§ **Exercise description**: Instruction for the data below: set down exactly the lines from the line with "eXtremeRate Chrome Gold" to the line with "Treats on a Stick | Bunny Cookie Lollies", inclusive, and no others.

§ **Data provided**:
######
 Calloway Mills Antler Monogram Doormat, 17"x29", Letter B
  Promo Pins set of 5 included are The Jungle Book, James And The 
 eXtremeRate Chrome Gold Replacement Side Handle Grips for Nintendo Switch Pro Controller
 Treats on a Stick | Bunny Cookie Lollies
######
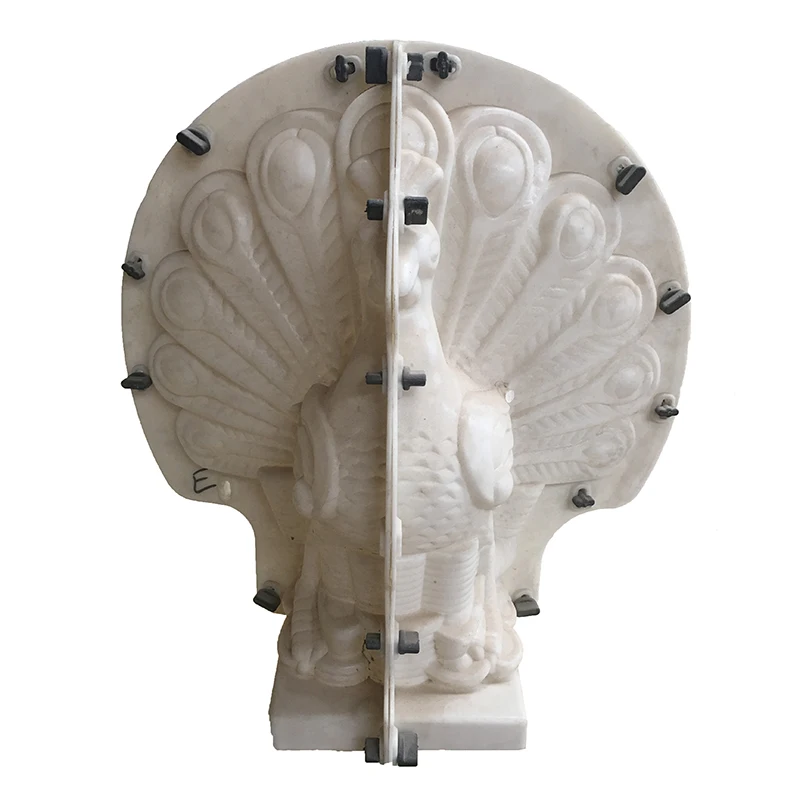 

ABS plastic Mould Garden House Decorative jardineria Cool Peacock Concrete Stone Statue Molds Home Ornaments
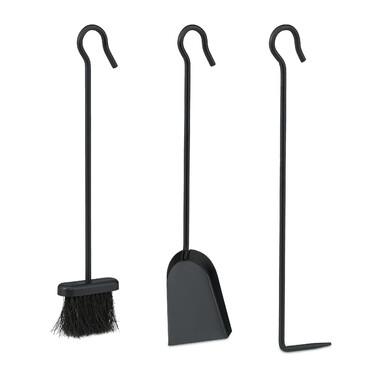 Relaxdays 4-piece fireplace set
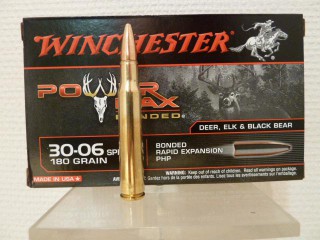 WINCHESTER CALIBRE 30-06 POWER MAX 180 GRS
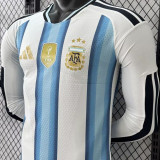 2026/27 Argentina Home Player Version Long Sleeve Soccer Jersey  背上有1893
######
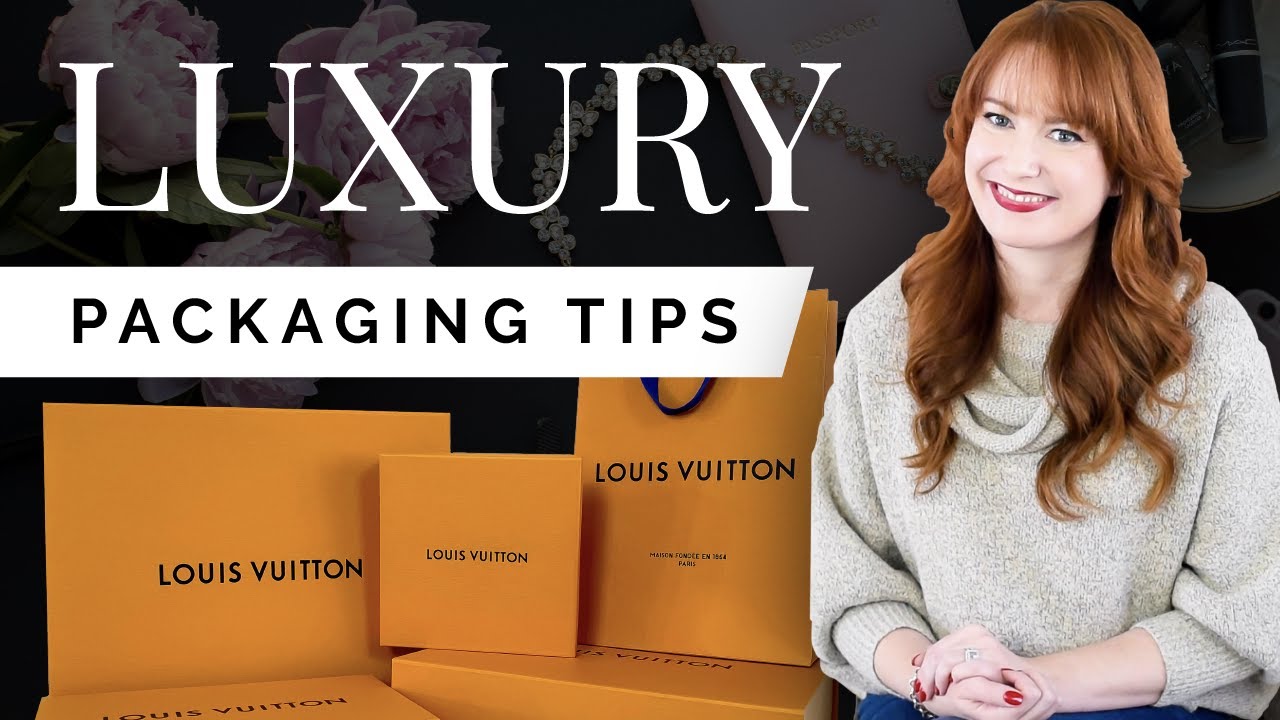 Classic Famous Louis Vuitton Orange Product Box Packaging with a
######
§ **Solution to the problem**:
 eXtremeRate Chrome Gold Replacement Side Handle Grips for Nintendo Switch Pro Controller
 Treats on a Stick | Bunny Cookie Lollies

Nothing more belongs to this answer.